* _ASSIGNMENT_: Although the records include pictures, the copy should not; write out exactly the lines from the first through the line with "Unità TV da".

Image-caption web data
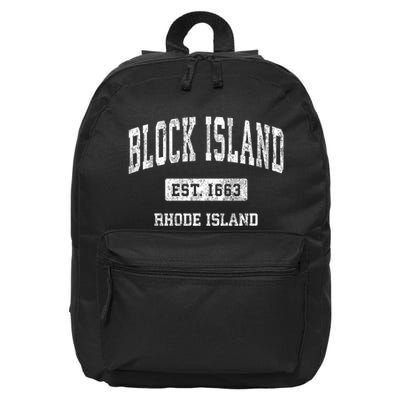 Block Island Est 1663 Rhode Island Ri Vintage Athletic Established Sports Design 16 in Basic Backpack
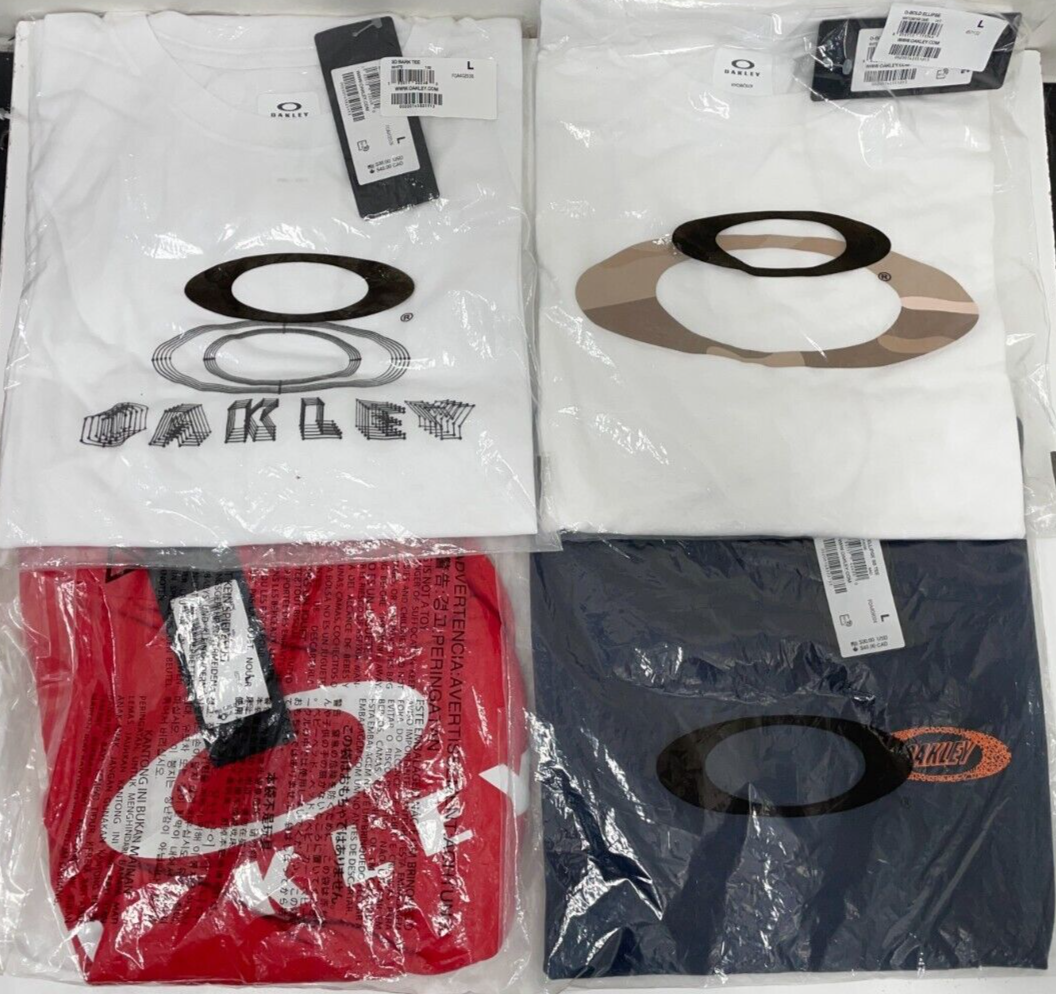 Oakley Mens L Lot of 4 SS Tees 3D Bark O-Bold BF Ellipse Red White Blue NWT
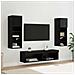 Unità TV da Parete 6 pcs Rovere Nero Legno multistrato - Foto miniatura 2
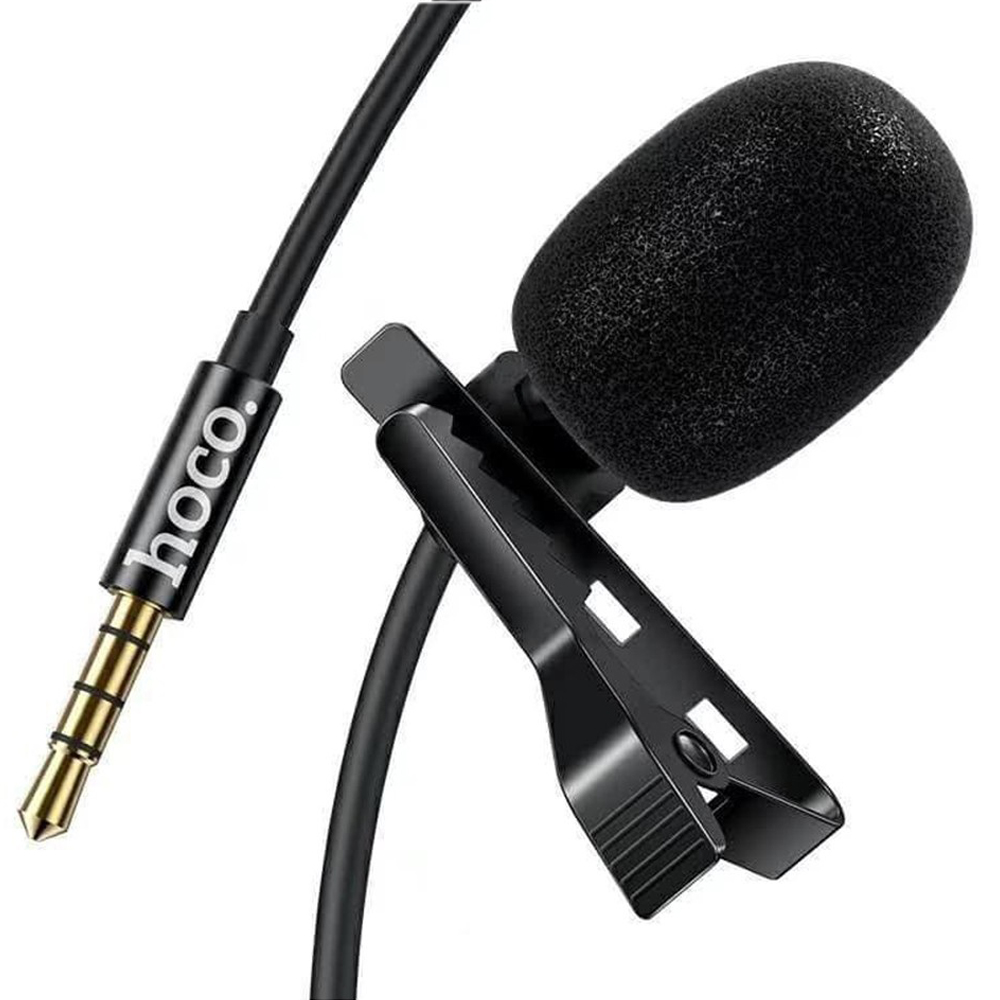 Microphone mini kẹp áo jack 3.5mm Hoco DI02 màng lọc âm khử tiếng ồn , thu âm nhạy dây dài 2m - Hàng chính hãng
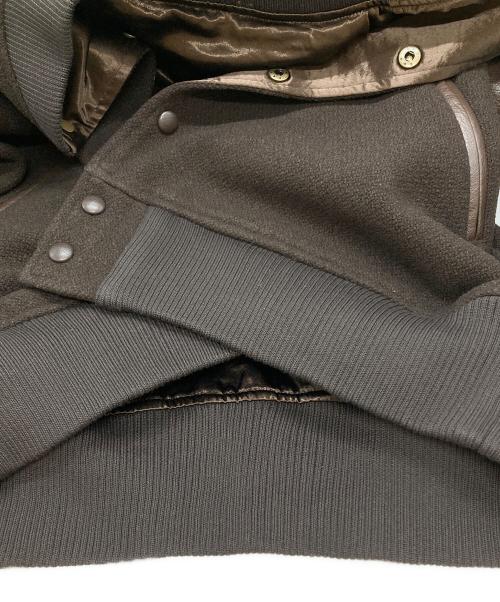 LAYAS（レイヤーズ）LAYAS (レイヤーズ) WOOLドッキングスタジャン/Varsity jacket ブラウン サイズ:Fの古着・服飾アイテム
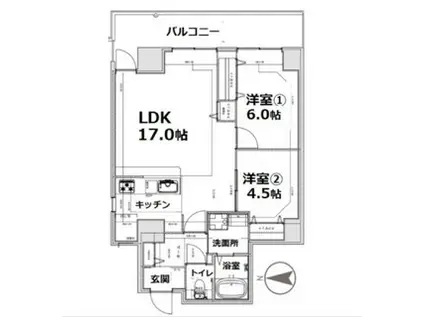 シティコート目黒2号棟 3階(2LDK/3階)の間取り写真
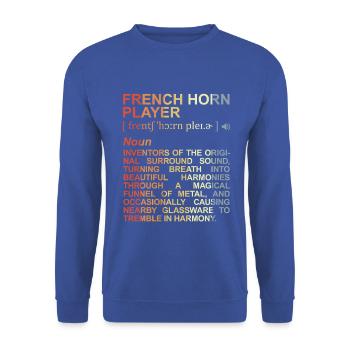 Waldhornspieler Begriffserklärung - Unisex Pullover - Royalblau - Vorne - Alina (178cm) & Michal (187cm)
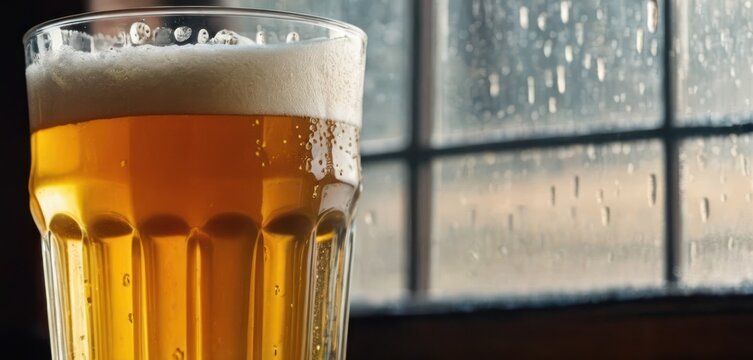  In the image, a tall glass is filled with beer and sitting on a table. The glass has a few drops of rainwater in it which.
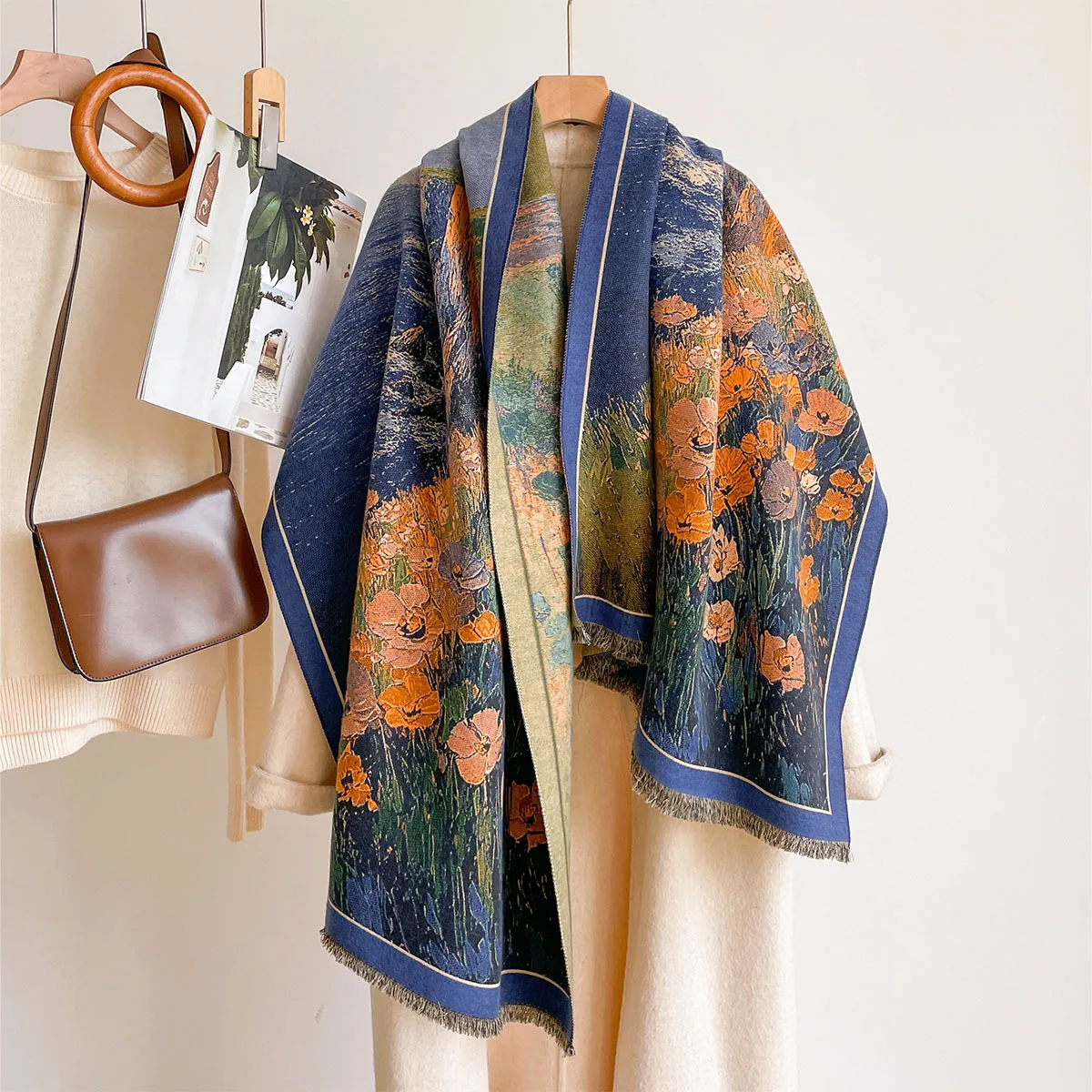 وشاح نسائي من الكشمير الصناعي، - مراجعة Pashmina Wrap Large وسعره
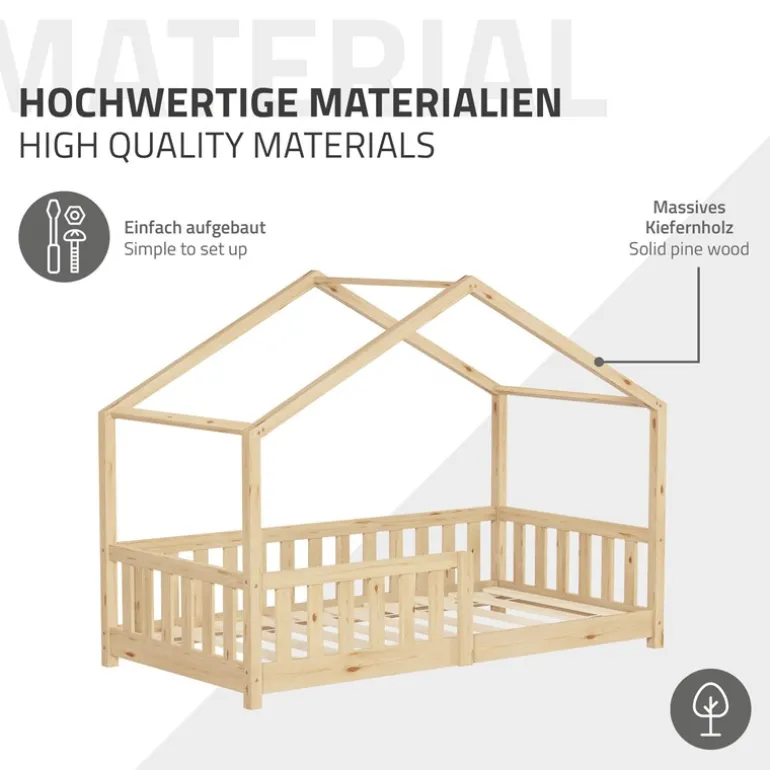 Kinderbett Hausbett 80x160 cm Natur aus Kiefernholz mit Matratze H:10cm Rausfallschutz und Lattenrost ML-Design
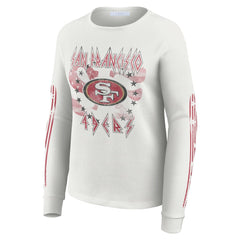San Francisco 49ers WEAR by Erin Andrews Women's Graphic Waffle Long-Sleeve T-Shirt | NFL Outlet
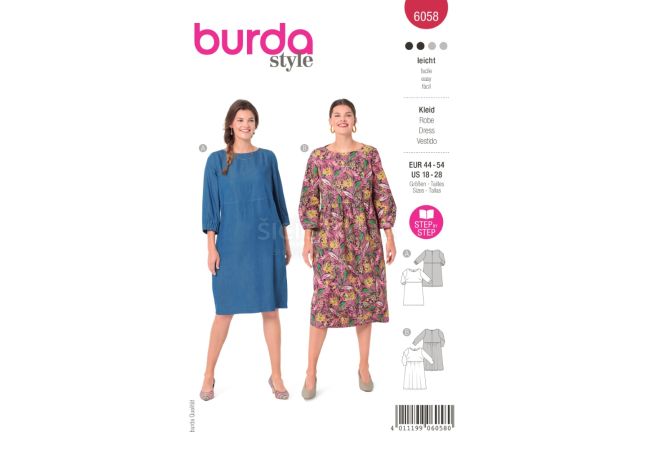 Strih Burda 6058 - Šaty pre plnoštíhle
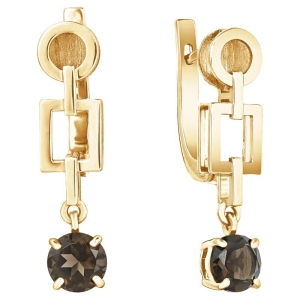 Женские Серьги Серебро Камень натуральный Раухтопаз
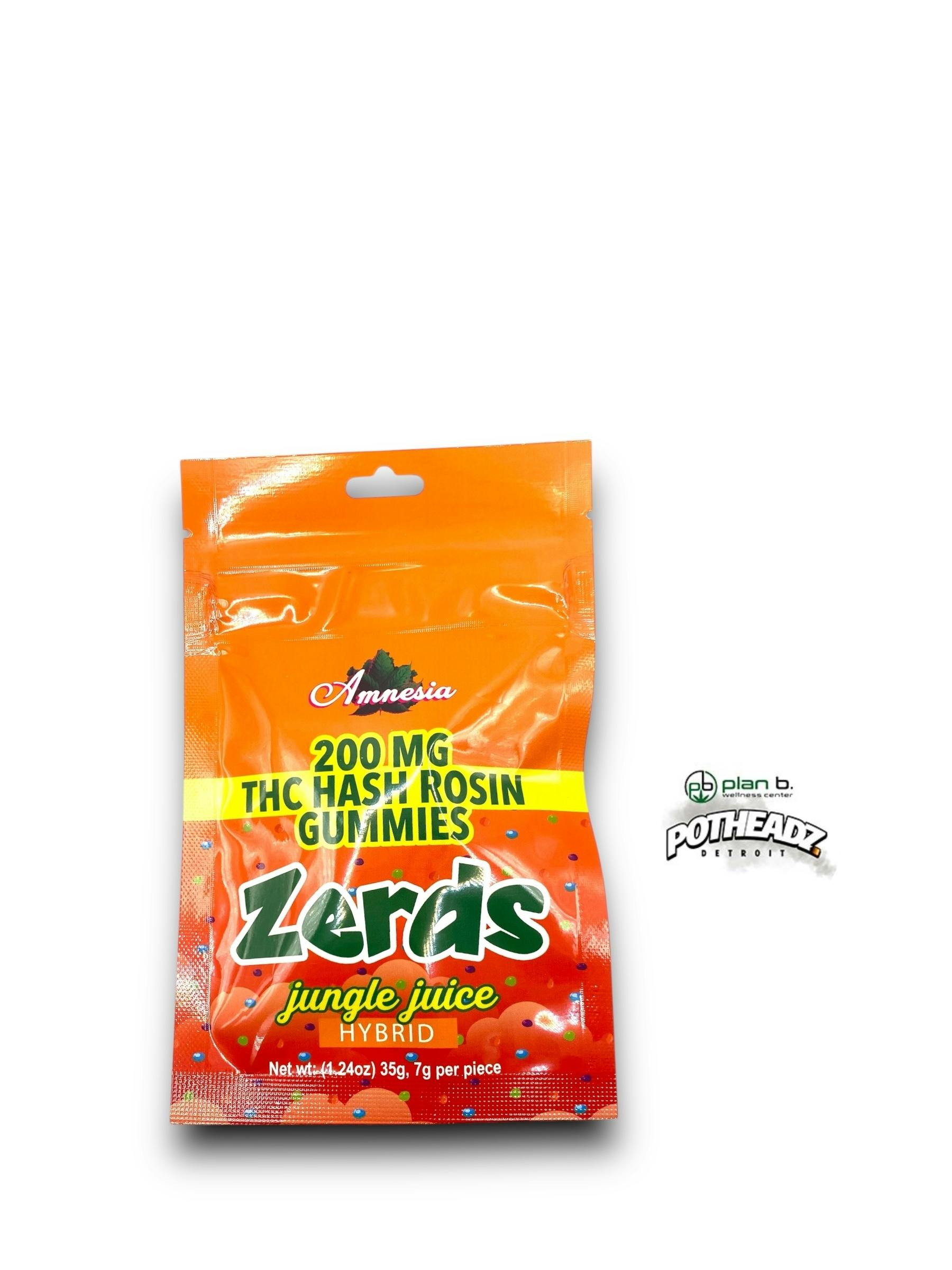 Zerds - Jungle Juice 200mg Hash Rosin Gummies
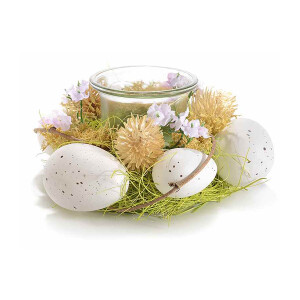 Coronita Paste de masa cu suport lumanare oua albe 14.5x6.5 cm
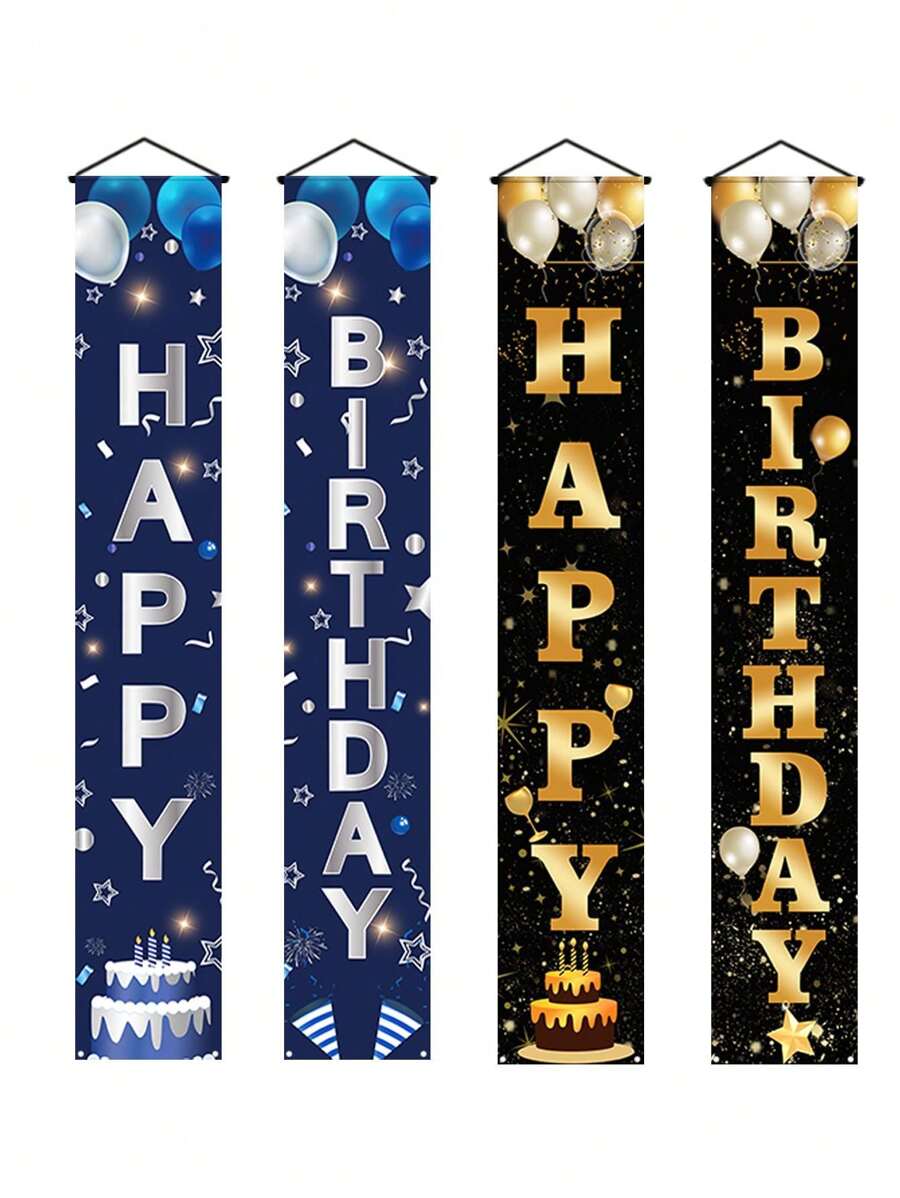 1 Set Bandera de feliz cumpleaños glamorosa negro y oro, Navidad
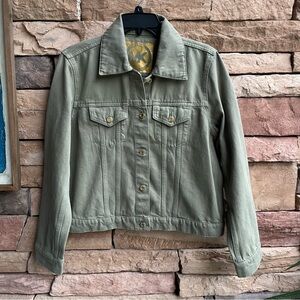 Michael Kors Army Green Denim Jean Jacket Women Large NWT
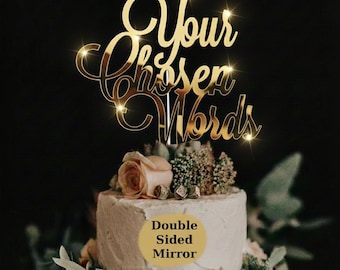 Personalised Acrylic Cake Topper Custom Mirror Wedding Cake Topper, Party Decor for Birthday, Anniversary, Engagement Mr Mrs, Any Text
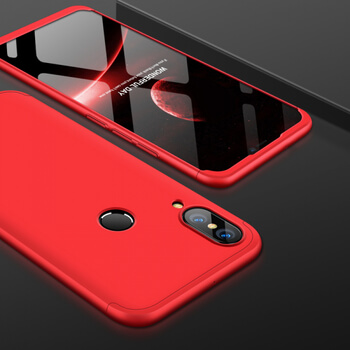 Ochranný 360 ° celotelový plastový kryt pre Huawei P20 Lite - červený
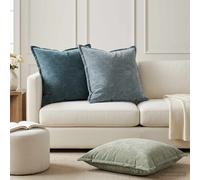 vidaXL Federa 2 pz HOUTEN Blu 80 x 80 cm Tessuto Chenille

* _YOUR RESPONSE_:
 Block Island Est 1663 Rhode Island Ri Vintage Athletic Established Sports Design 16 in Basic Backpack
 Oakley Mens L Lot of 4 SS Tees 3D Bark O-Bold BF Ellipse Red White Blue NWT
 Unità TV da Parete 6 pcs Rovere Nero Legno multistrato - Foto miniatura 2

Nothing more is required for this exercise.